|Jordan Romero, age 13, atop Everest|
This post is going to possibly rub some people the wrong way. Thats fine. It is, after all, just my opinion (although, i'd argue, a reasoned one).
I think that as a society we are a bit risk averse. modern middle class american life leaves little to no need to ever even begin to discover what we, as human beings are capable of. And while i'm not about to argue that it's impossible to live a happy and fulfilling life without approaching (or even exploring) your true mental and physical limits, i will argue that there are benefits to doing so.
EVERYONE is going to experience pain. Loss. Everyone is going to suffer. everyone is going to struggle against the odds and face difficulties. These are facts of life. For many folks one of the purposes of life is to try to avoid these moments through wishful thinking and ultimately futile practices of 'risk avoidance'. in fact, i think that we all adopt this strategy at least on some level. but the issue here is two fold: to start, excessive use of this tactic takes time and energy and can be consuming if overindulged (without actually being able to thwart very many calamities), and secondly it often prevents the use of 'risk management' in a meaninful way (which of course requires risks to be taken).
Risks - defined here as activities in which the outcome is unknown and for which there exists at least some possibility of a negative result - give us great opportunity. it is through risk that we learn about our most true and fundamental selves. how we behave when the chips are down speaks to who we are. The things we cultivate when it matters are things that guide our growth. my belief is that approaching risk this way is tremendously rewarding and important. This is why i love major endurance races and crazy adventures. They teach me about myself. And it's why i enjoy introducing youth to these big races and expeditions.

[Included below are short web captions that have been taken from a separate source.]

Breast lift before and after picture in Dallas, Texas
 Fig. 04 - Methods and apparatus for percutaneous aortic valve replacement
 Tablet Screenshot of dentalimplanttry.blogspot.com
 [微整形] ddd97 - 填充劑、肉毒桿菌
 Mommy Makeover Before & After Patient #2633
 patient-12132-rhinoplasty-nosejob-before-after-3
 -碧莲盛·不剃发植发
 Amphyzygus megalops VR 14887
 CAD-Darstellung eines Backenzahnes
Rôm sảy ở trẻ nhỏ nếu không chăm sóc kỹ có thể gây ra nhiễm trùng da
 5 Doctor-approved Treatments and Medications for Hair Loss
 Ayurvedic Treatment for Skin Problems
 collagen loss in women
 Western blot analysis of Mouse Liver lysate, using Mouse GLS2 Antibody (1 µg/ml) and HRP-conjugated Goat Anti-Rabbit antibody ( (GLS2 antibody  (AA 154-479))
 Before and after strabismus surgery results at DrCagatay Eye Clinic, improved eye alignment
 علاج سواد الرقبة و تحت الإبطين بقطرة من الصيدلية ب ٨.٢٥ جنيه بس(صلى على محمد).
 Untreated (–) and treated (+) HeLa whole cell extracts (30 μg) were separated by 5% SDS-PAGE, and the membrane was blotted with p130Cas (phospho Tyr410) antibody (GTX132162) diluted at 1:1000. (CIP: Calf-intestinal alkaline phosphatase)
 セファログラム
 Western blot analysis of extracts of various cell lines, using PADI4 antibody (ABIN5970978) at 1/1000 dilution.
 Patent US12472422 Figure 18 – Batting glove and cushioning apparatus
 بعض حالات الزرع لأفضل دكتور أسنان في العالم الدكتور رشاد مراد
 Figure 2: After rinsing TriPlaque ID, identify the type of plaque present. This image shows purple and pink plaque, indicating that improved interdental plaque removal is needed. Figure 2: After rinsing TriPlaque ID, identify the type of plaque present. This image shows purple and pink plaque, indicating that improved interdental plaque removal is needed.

This is where i feel people may disagree. after all it may be fine for me, a 35 year old, to go out and accept risks for myself - but i'm experienced - an adult. recommending this as a good idea for a 17 year old seems irresponsible to many. I'll stick to my guns though with the caveat that it is of course not for everyone - it has been my experience that most teenagers don't have the passion for adventure, and for me that is the one thing that is required. if the fire is there, then waiting to take managed risks until some 'magic' age of adulthood doesn't make any sense (i've got lots of thoughts on what i call the myth of adulthood, but we'll leave that alone for now). of course it's important to accept risk as safely as possible - you learn as much as you can, etc etc. 17 year olds make stupid decisions all the time - ones that stand to have FAR less positive impacts on their adult lives than attempting some hairbrained ultra endurance race or self-styled wilderness adventure. Yeah, there are risks - but these are the good kinds. They don't involve unnatural changes to body chemistry, possible juvenille detention, etc. And the bottom for me is that if this is in someone- if this passion to push, to challenge, to discover the limits of themselves is waiting to get out - if i can see it there straining behind the eyes when i relate my own epic tales - and if they're even close to being physically ready - then damnit if i'm not going to invite that kid on my next sufferfest, or push them to pursue their own.